For the purpose of this debugging effort, let's examine what happens when we process the expression 2*(3+4). This simple expression allows us to ensure that we process both the addition and multiplication operators as well as parentheses properly. To create the figures for the scenario, I used the webify interface to enter in the expression and start things going. The Debug configuration sets the webify interface and the model animation features active.
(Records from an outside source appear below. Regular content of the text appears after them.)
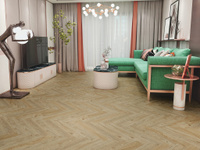 Ламинат Skalla Wood Herringbone Дуб Биркенес (Oak Birkenes) HR1020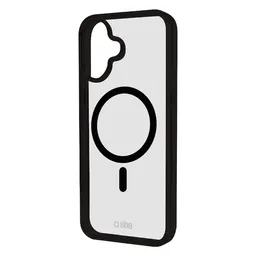 SBS - Tok Mag Frame - MagSafe - iPhone 16 Plus, fekete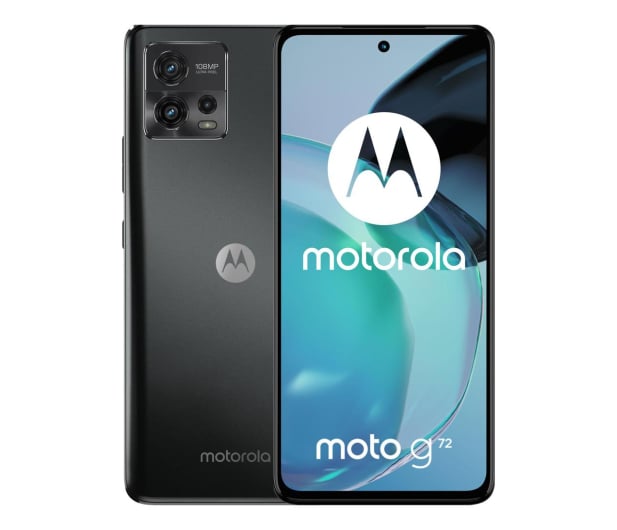 Motorola moto g72 8/128GB Meteorite Grey 120Hz - 1079489 - zdjęcie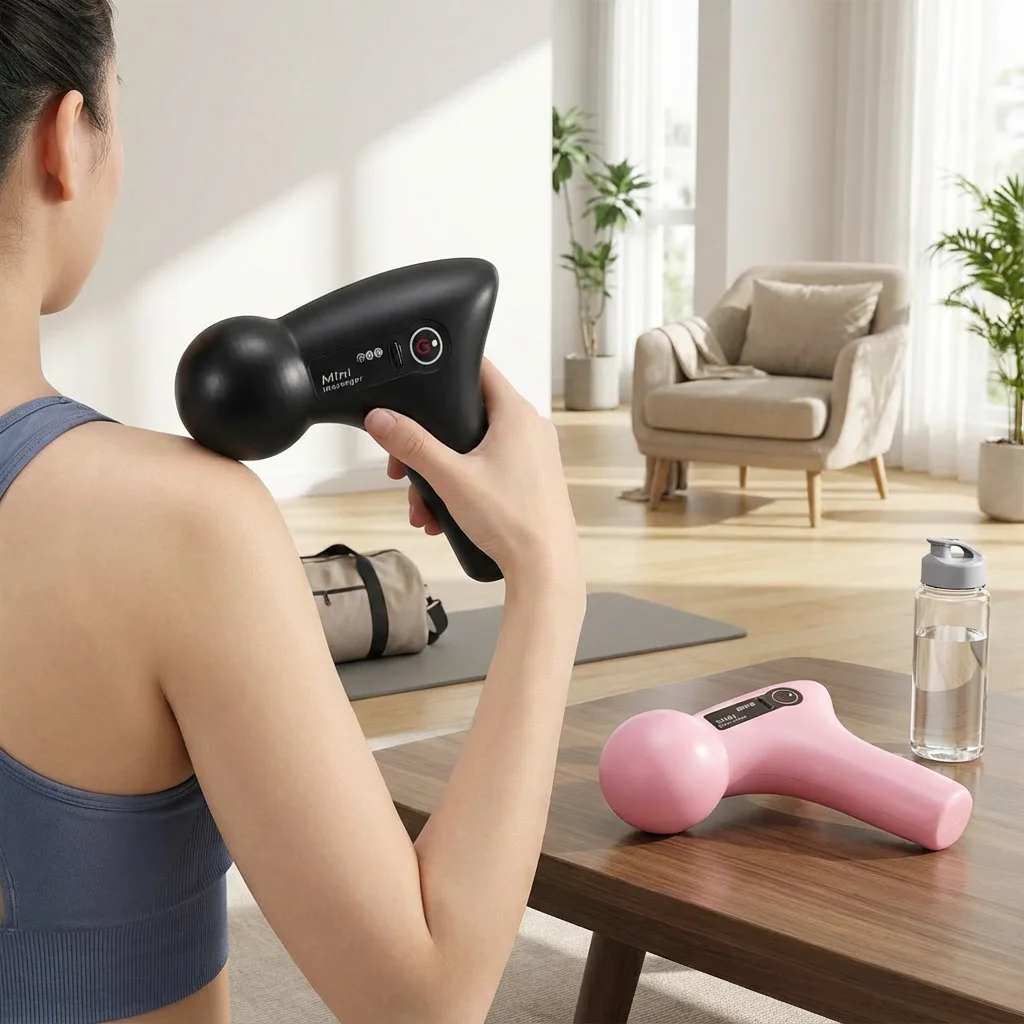 Mini Massage Massage Gun Muscle Massager Portable Electric Fascia Gun for Neck Foot Body Fascia Gun
Mini Massage Massage Gun Muscle Massager Portable Electric Fascia Gun for Neck Foot Body Fascia Gun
The first figure (Figure 7-30) starts after the objects are created. The CharParser instance parses the characters in the expression string, identifies the kind of character it is (digit, operator, or white space), and sends them off to the Tokenizer via events such as evDigit or evOp, along with the actual character. The Tokenizer has the more interesting job to construct the tokens from the incoming events. We see that it begins constructing the number token when it receives the first evDigit event through its invocation of the beginToken() method. The next event received is an evOp, passing the * character. Now the Tokenizer knows that the number is complete (after all, the number could have been 2345.78, in which case it would have had to construct the number token from seven characters instead of just one). It can now pass the complete number token off to the Evaluator via an evNumber event. The Evaluator simply pushes the number onto the stack. It calls reduceUnary() to reduce a unary , if one was present.

The Tokenizer also begins the operator processing. When it receives the next character (the open paragraph operator), it sends the * operator off to the Evaluator, which pushes it onto the operator stack. Note that since all operators are single characters, we could have sent off the * operator immediately. However, a design decision was made to allow for multiple character operators in the future, such as ++ and +='. This would allow subsequent versions of the Calculator to have variables and more elaborate behavior.

Figure 7-31 picks up where the previous figure leaves off. The Evaluator pushes the * operator. The CharParser meanwhile sends the digit 3 to the Tokenizer. The latter now sends the ( operator off to the Evaluator, which pushes it onto the operator stack. The processing continues with the + operator inside the parenthesis.

Figure 7-32 continues the scenario with the digit 4. Now the Tokenizer can send the operator + to the Evaluator. The Evaluator now wants to see if it can apply the operator, so it calls reduce(). It cannot, as it happens, so it pushes the operator onto the operator stack. At this point, the number stack has the value 3 at the top, followed by 2 (the number 4 hasn't been pushed onto the stack yet). The operator stack has + at the top, followed by ( and then *.

The next character is the ) operator. The processing continues in Figure 7-33. We see that the last number, 4, is pushed on the stack. The last token is a special one, called end of string (EOS). That forces the evaluation of the last operator, ). This calls the operation reduceSubExpr(), which does a reduction until a left parenthesis operator is found. We see that the Evaluator checks to ensure that the next operator is not a left parenthesis (after all (5) is a perfectly legal subexpression). Since it is not, the Evaluator pops the operator (a +) and two operands off the number stack, does the math (actually performed in the body of the reduceFactor() method), and pushes the result (7) onto the number stack. Then the ( is popped from the operator stack and discarded.

The final reduction is done by processing the EOS event in the Evaluator. This is shown in the last of these figures, Figure 7-34. The reduceFactor() method is called (since we're processing a multiplicative operator) and we pop the operator from the stack (*), the two operands (7 and 2), do the math, and push the result on the stack (14). Since we're at the end of the string, we call displayResult(), which pops the value off the number stack and sends it to standard output.

In a book, this sequence seems long and involved, as it is spread across five figures. In a tool, however, the entire scenario is a single diagram, and may be scrolled and zoomed as necessary.